* [Supplied data]

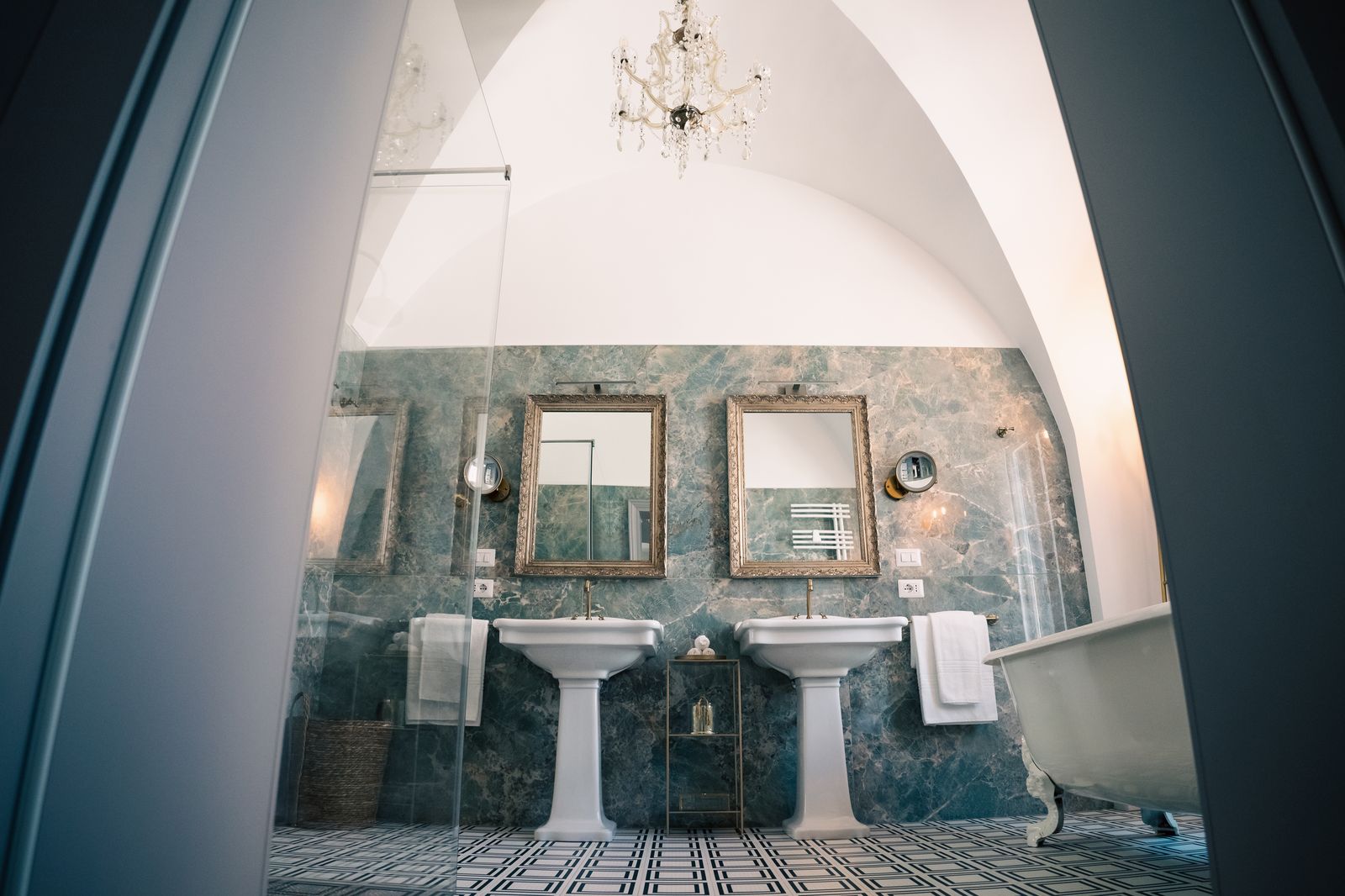 Duchess Grande Suite: the bathroom, with green marble walls, twin pedestal basins, a free-standing tub and a chandelier under the vaulted ceiling.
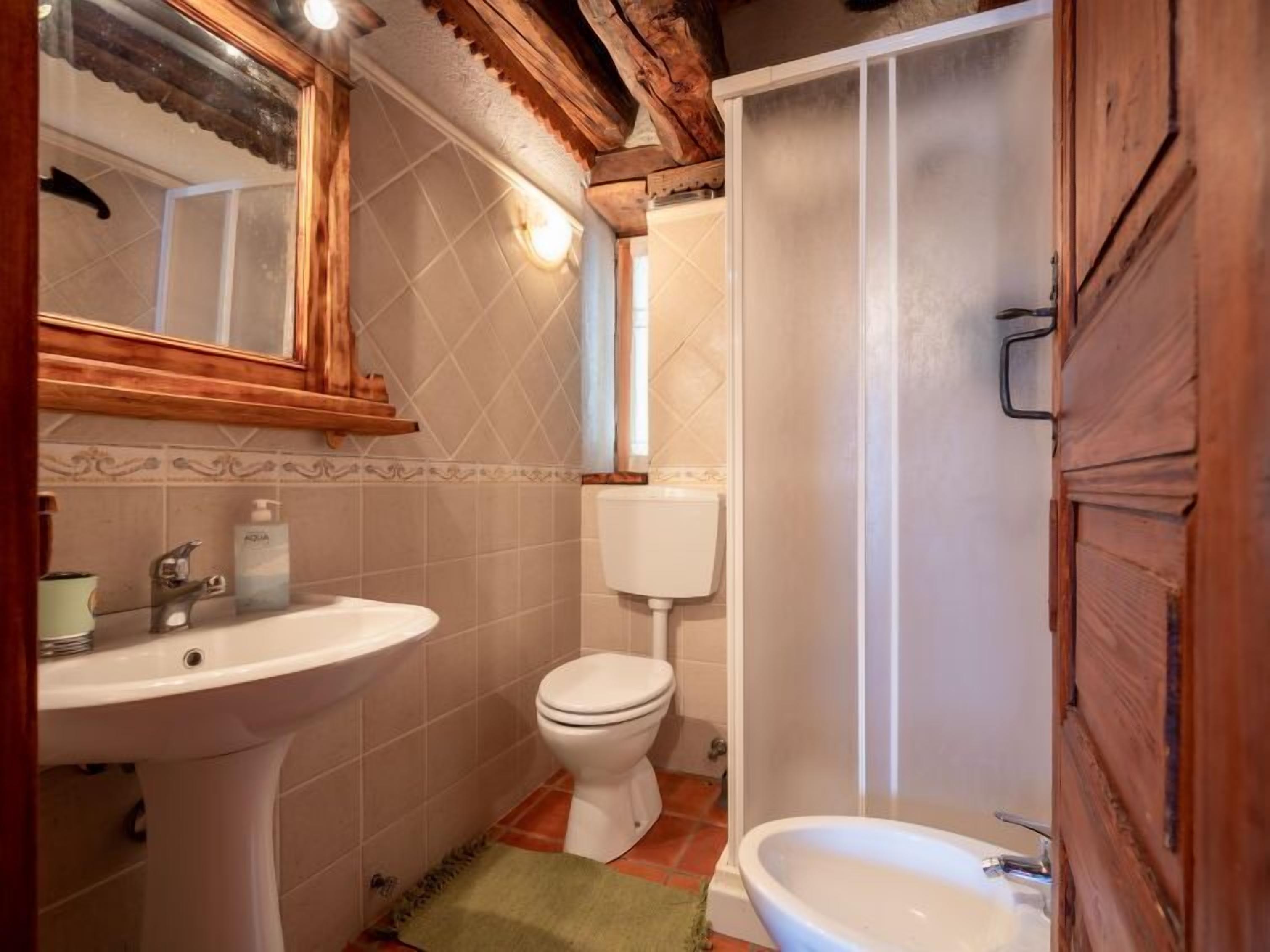 A bathroom with a sink, toilet, and shower.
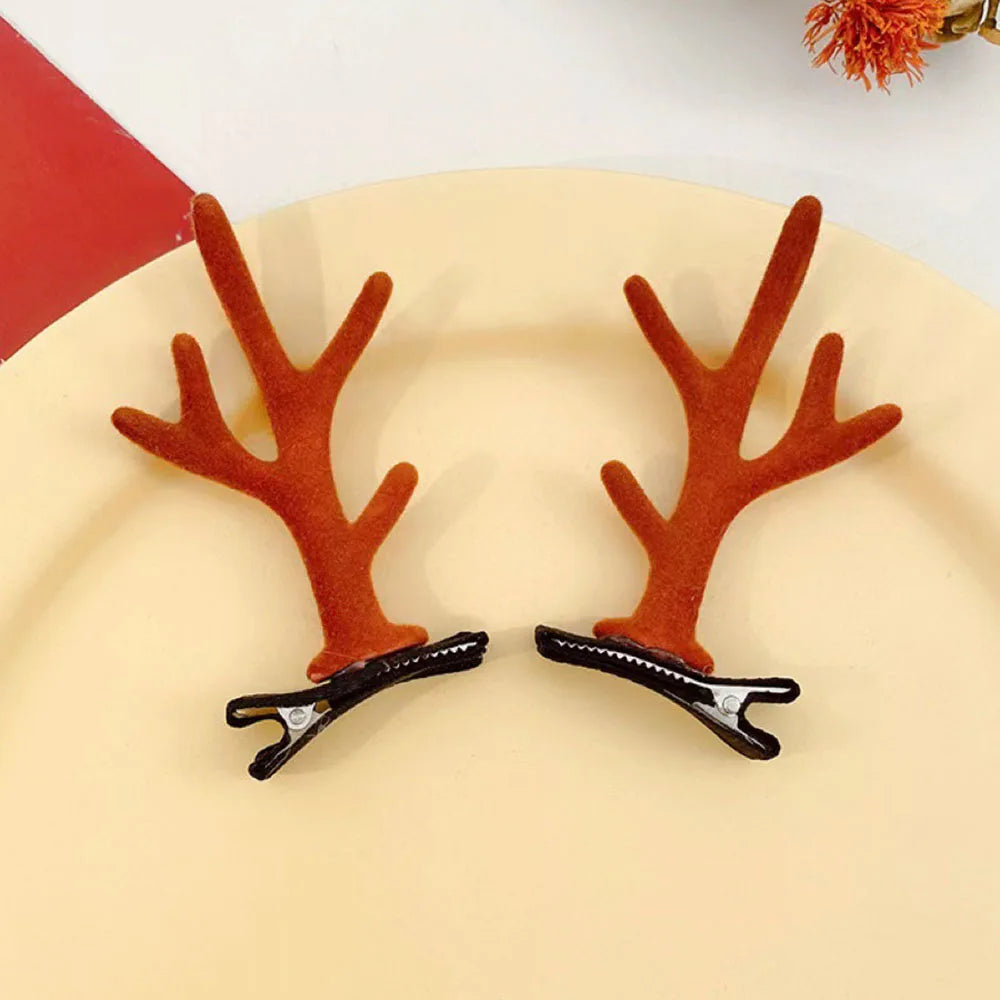 Par de clips para el pelo en forma de astas de reno marrón con agarres negros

* [Instructions for the task] Please repeat the listing above word for word, with the pictures removed.

* [Solution below]
 Duchess Grande Suite: the bathroom, with green marble walls, twin pedestal basins, a free-standing tub and a chandelier under the vaulted ceiling.
 A bathroom with a sink, toilet, and shower.
 Par de clips para el pelo en forma de astas de reno marrón con agarres negros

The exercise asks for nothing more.